All the national flags that ring the U.N. headquarters' entrance in New York were removed from their poles. The blue and white U.N. flag was lowered to half staff.

Annan said Vieira de Mello's death was "a bitter blow for the United Nations, and for me personally."

"Those who killed him have committed a crime, not only against the United Nations but against Iraq itself," Annan said.

The U.N. chief called the man whose career he nurtured "an outstanding servant of humanity." He urged that the work he began "be completed so that his death will not have been in vain."

U.N. spokesman Fred Eckhard said the diplomat "was a terribly focused, energetic, determined and talented man."

President Bush said Vieira de Mello committed his life to advancing the cause of human rights and was selflessly "helping the Iraqi people move down the path towards a democratic country governed by the rule of law."

Human rights organizations also mourned his death.

"It is tragic he should end up the victim of the kind of war crime he fought so hard to prevent," said Kenneth Roth, executive director of Human Rights Watch.

Vieira de Mello's Iraq posting capped a career as the United Nations' crisis point man, sent to conflict zones to help end the bloodshed and rebuild in the aftermath.

When Annan introduced Vieira de Mello in late May as his new special representative for Iraq, he said his "exceptional and unique experience" in running post-conflict U.N. operations in Kosovo (search) and East Timor (search), and his reputation "as a good team builder and a consensus builder" made him the perfect choice.

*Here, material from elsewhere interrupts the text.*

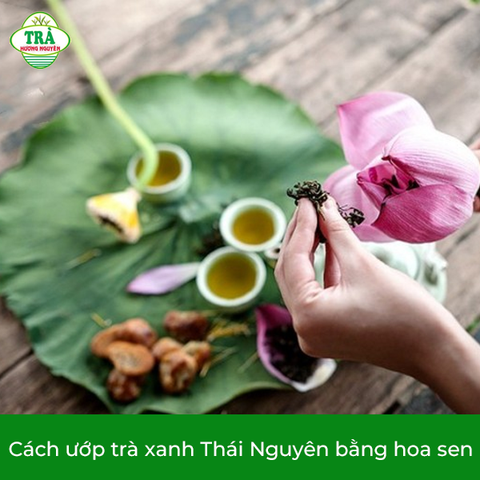 Cách ướp trà xanh thái nguyên với bông sen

In Iraq, he had to rely on both diplomacy and tough talk as the United Nations tried to find its place after the Iraqi war come close to rendering it obsolete. He had to work with the United States, even while distinguishing the world body from the occupation, unpopular with many Iraqis.

In his last interview published before his death, Vieira de Mello sympathized with Iraqi resentment at having foreign troops on their soil.

"It is traumatic. It must be one of the most humiliating periods in their history. Who would like to see their country occupied? I would not like to see foreign tanks in Copacabana," Vieira de Mello told the Brazilian newspaper Estado de Sao Paulo in an interview published Monday.

Throughout his tenure in Baghdad, he took pains to remind everybody that the United Nations would be in the country long after U.S. forces leave and insisted that the world body -- not the U.S.-led coalition -- should control the spending of Iraqi oil revenues.

"We're truly in a unique situation here," he said of the occupation. "By the usual U.N. standards, this is at best a bizarre situation."

Born in Rio de Janeiro on March 15, 1948, Vieira de Mello studied philosophy at the prestigious Sorbonne University in Paris before embarking on a career in the United Nations, rapidly gaining a reputation as a smooth-talking, hands-on operator.

He joined the U.N. High Commissioner for Refugees in 1969, serving in Bangladesh during its independence in 1971. Following the 1974 Turkish invasion of Cyprus he worked with refugees on the island.

He spent three years in charge of UNHCR operations in Mozambique during the civil war that followed its independence from Portugal in 1975, and three more in military-ruled Peru. He became senior political adviser to the U.N. Interim Force in Lebanon between 1981 and 1983, covering the period when Israel invaded.

Vieira de Mello then returned to the UNHCR, working at its head office in Geneva for 10 years.

The early 1990s found him in Cambodia and then in disintegrating Yugoslavia. After working on the refugee problem in central Africa,he was made assistant high commissioner for refugees in 1996 and he became undersecretary-general in New York two years later.

He was a special U.N. envoy in Kosovo following the U.S.-led bombing raids that broke Serbian control of the Yugoslav province in 1999.

When Indonesia withdrew from East Timor later that year, Vieira de Mello was sent there, gaining widespread praise for overseeing the country's three-year transition to independence.

"You don't change the devastation of 1999 into a Garden of Eden in 2 years," he said. But he said U.N. workers had "laid solid bases for the country to live in peace."

Vieira de Mello was divorced and had two sons. His mother lives in Rio de Janeiro.